L’Ivvt nel dettagliato dossier, approvato all’unanimità dal comitato, specifica che ha già chiesto sacrifici alla produzione e ha fissato per i prossimi anni di mantenere la resa delle uve a bacca rossa a 800 grammi per metro quadrato. Una riduzione del 20% della capacità di produzione tesa a riequilibrare il mercato presa prima del lockdown e che lo stesso ha per certi versi vanificato. La produzione del 2019, infatti, è stata del 15% superiore rispetto alla media decennale. La conseguenza è un eccesso di offerta in cantina. Da qui la proposta di una destinazione alternativa della vendemmia 2020 in modo che le uve prodotte in eccesso (rispetto all’impegno dei vinificatori di acquistare unicamente 500 g/metro quadrato) vengano destinate a prodotti che attualmente sono occupati sul mercato locale da vini esteri o realizzare addirittura disinfettanti. L’Ivvt stima che la pandemia causerà al settore vitivinicolo una perdita di 1,5 milioni di bottiglie pari a circa 15-20 milioni di franchi. Limitando la resa al metro quadrato a 800 grammi, la produzione calerà drasticamente da 5,7 milioni di chili di uva a bacca rossa a 3,4 milioni. Di conseguenza mancherebbe alla stessa associazione circa 250mila franchi per la promozione. Cifra che viene chiesta di essere compensata dal cantone.

Tra i prodotti alternativi sui quali sta lavorando l’Interprofessione c'è lo spumante da destinare alla ristorazione a un prezzo concorrenziale al Prosecco. Ciò sarebbe possibile in quanto gli spumanti pagano un dazio all’importazione. Anche un vino per fondue o da destinare alla vendita nei discount è un’opzione come quella di produrre aceto balsamico. L’obiettivo è quello di ritirare dal mercato circa 600mila chili di uva a un prezzo di 2 franchi per chilo. Il contributo richiesto al cantone sarebbe di 600mila franchi.

Un altro modo per ridurre la produzione è quella di effettuare la cosiddetta ‘vendemmia verde’. Una raccolta anticipata del frutto non maturo da destinare al macero. Il contributo richiesto al cantone ammonterebbe a 300mila franchi.

C’è anche l’idea di mettere sul mercato un Merlot con il marchio ‘Uniti contro il coronavirus’. L’obiettivo è quello di commercializzare - coinvolgendo i ristoratori locali, i grotti e le pizzerie - 50 mila bottiglie. Il coronavirus, si spiega, ha risvegliato il sostegno e la vicinanza del cittadino al settore primario. Ora, con il passaggio alla seconda fase e la riapertura dei locali pubblici, si intende sfruttare questa opportunità per contrastare i vini esteri. L’impegno finanziario richiesto all’ente pubblico ammonterebbe a 110mila franchi. I rimanenti 200mila franchi di contributi andrebbero a finanziare altre iniziative, tra cui il progetto di comunicazione e il percorso sensoriale denominati ‘Casa del vino Ticino’.

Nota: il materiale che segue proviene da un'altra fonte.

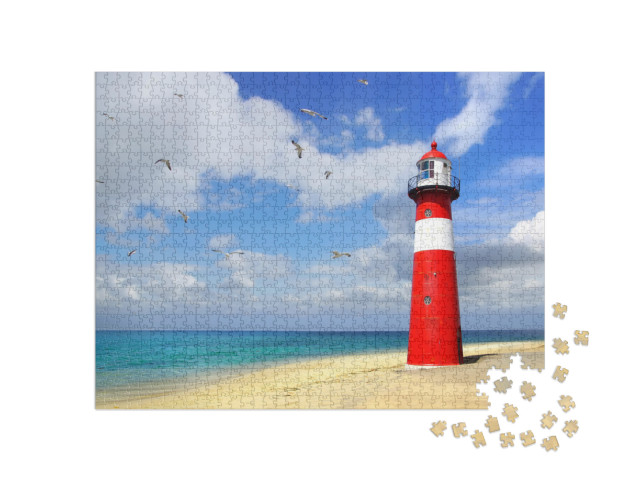 Lighthouse. Westkapelle, Netherlands... Jigsaw Puzzle with 1000 pieces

Anche la politica a difesa del settore

Già la politica, in pieno lockdown, aveva perorato la causa del settore vitivinicolo. Una mozione a firma di Lorenzo Jelmini (Ppd), Omar Balli (Lega). Henrik Bang (Ps), Fabio Battaglioni (Ppd), Giovanni Berardi (Ppd); Claudia Crivelli Barella (Verdi), Sem Genini (Lega), Fabio Schnellmann (Plr), Alessandro Speziali (Plr) chiedeva di predisporre contributi a fondo perso per l’eliminazione di stock di vini bianchi e rossi in vasca o in bottiglia. Una richiesta che andava proprio nella direzione di far continuare il ciclo normale delle vendemmie. “L’eliminazione di stock permetterebbe alle cantine di procedere con l’acquisto delle uve della vendemmia 2020 e il mercato non subirebbe una svalutazione”. L’eccedenza andrebbe distillata o eliminata sotto la supervisione dell’autorità.